The program proceeded with Aaron Copland’s loving tribute to folk life in America, Appalachian Spring. Intimate and delicate music paints a tale of love and simple joys in rural life. The strings of the orchestra produced a wondrous warm sound, around which the string principals and woodwinds wove a needlepoint as charming and memorable as those that decorated kitchens and parlors in early America. The expressiveness of the music was realized delightfully in both robust and tender passages, skillfully prepared and led by Maestro Alan Neilson.

Neilson provided a brief but thorough explanation of an atonal experiment of the unique insurance agent from Danbury, Connecticut, Charles Ives. “The Unanswered Question,” composed in 1904 when Ives was thirty, asks why music needs tonality. The solo trumpet asks the question over soft strings, the woodwinds attempt an answer, debate the issue, argue over it and in the end leave the question still unanswered. Ives wrote the piece in two different time signatures – one for the strings and trumpet and another for the woodwinds; this is one of many techniques in composition he experimented with over his long, intriguing, and productive life. Assistant conductor Jaemi Loeb led the strings and the solo trumpet, and Neilson led the woodwinds. It is a fascinating dialogue that was quite well done by the RSO ensemble.

Principal Flutist Patty Angevine performed Bernard Rogers’ “Soliloquy” with the orchestra conducted by Neilson. It is a quiet piece, as the title suggests, with a touch of modernism in the harmonies, but it is lyrical and sweet enough to satisfy most any music lover. Angevine’s mastery of her instrument made difficult passages sound easy and natural.

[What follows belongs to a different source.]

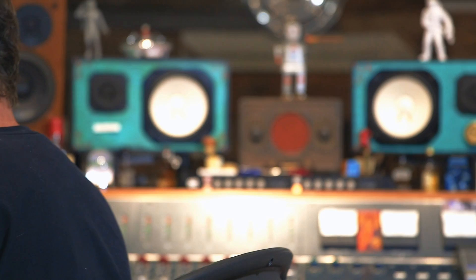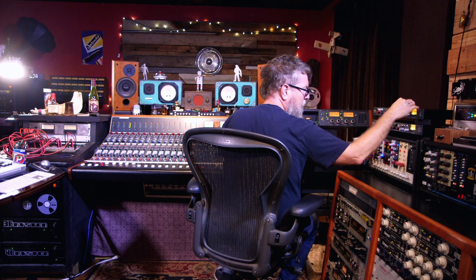I started using Neve with two modules that a couple of guys in charge of Clayhead had. Then I saw this console come up and I was already familiar with the ultra-harmonics, the quick transients, the punchiness of it — and the thought of having 16 modules was pretty exciting. I got the console — very risky — but I've never regretted it, and I'm very fond of the history of Neve.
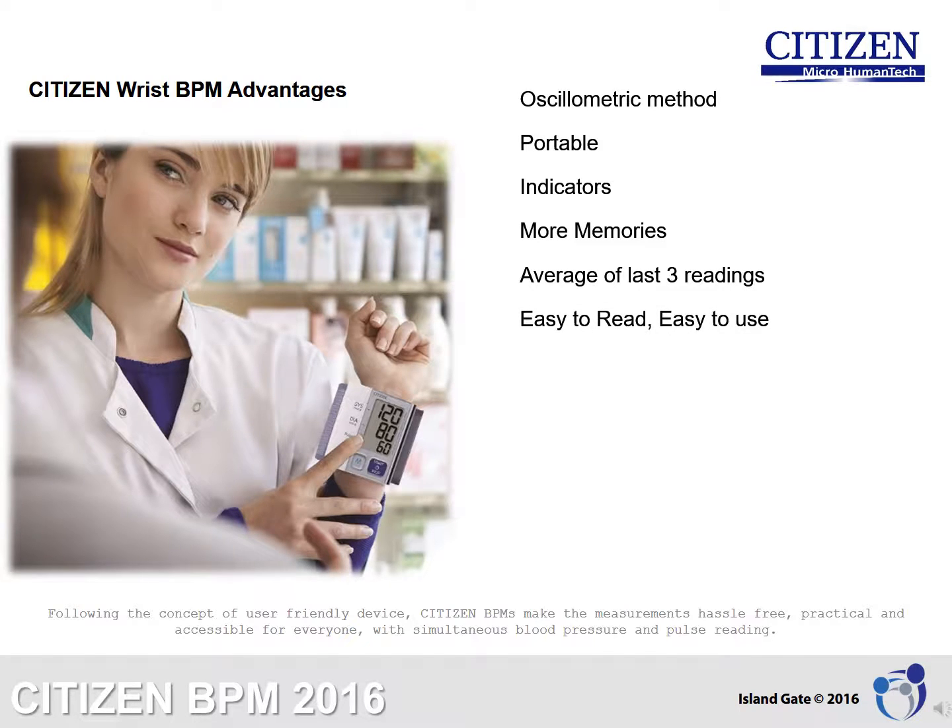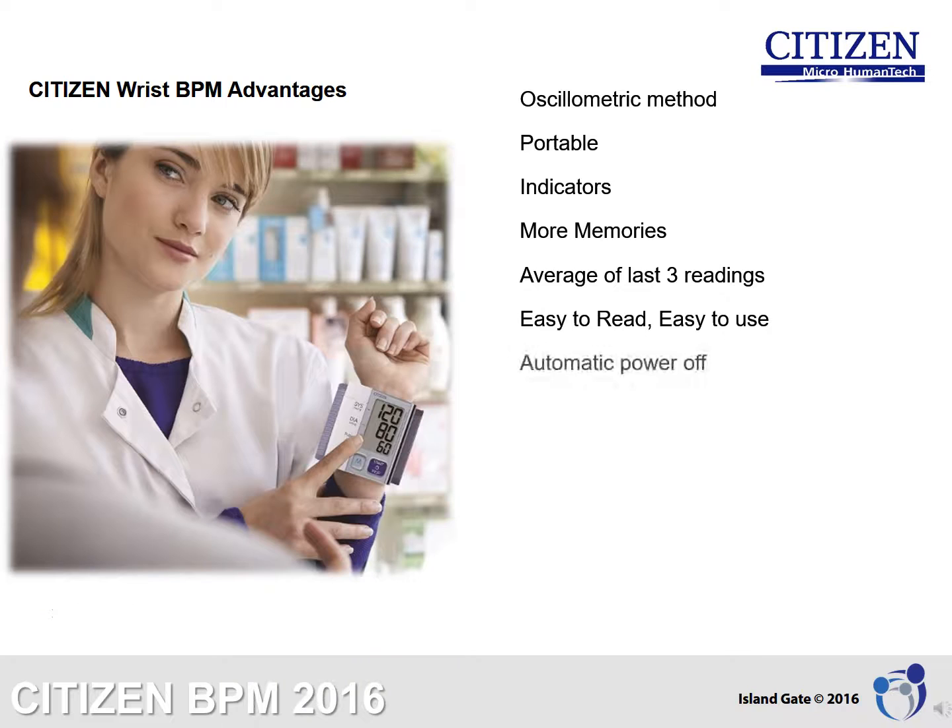Easy to read, easy to use: Following the concept of a user-friendly device, Citizen blood pressure monitors make measurements hassle-free, practical, and accessible for everyone, with simultaneous blood pressure and pulse reading. Automatic power off: Wrist BPMs have ideal battery use with this power-off feature, which avoids unneeded energy consumption.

At the conclusion of the first half of the concert, Joe Purcell and I, long-time friends of Frosty Clark, gave our own tributes and read several others from arts groups in Raleigh. Frosty was a unique person in many ways, known to many through his sideline business – recording local artists and groups. More than that, his love of classical music, his enthusiasm for all he did, his hosting of the Saturday Evening All-Request Program on WCPE (alternating weeks with Joe), and so much more left a legacy that reached far abroad in the musical community and will never be forgotten.

After intermission, the orchestra played Beethoven’s Symphony No 7, Op. 92, sometimes known as the “Dance Symphony.” The work was written in 1811-12 during a time when Beethoven was very anxious about his growing health problems – but then again, there was not much of his life when he wasn’t. None of this shows up in this masterpiece, in which rhythms are every bit as important as melodies and development takes place largely along rhythmical lines. When the music is not dancing, it is singing – especially in the trio sections of the third movement. The second movement was an immediate hit at the premiere in Vienna in December of 1813 and has remained a very popular and quintessential Beethoven favorite. It starts out almost like a funeral march, somewhat like the slow movement of the “Eroica,” but picks up life through a lyrical melody and intricate rhythm as it progresses. The orchestra performed very admirably, though in my estimation the first two movements were a little slower than is preferable with our present understanding of Beethoven’s intentions.

This was my first Raleigh Symphony Orchestra concert, and I must say the warm string sound and the woodwind interplay especially impressed me. Though limited in this concert, the brass and percussion were also worthy of praise. Frosty would have loved it – especially the Beethoven – and would have given it an enthusiastic two thumbs up.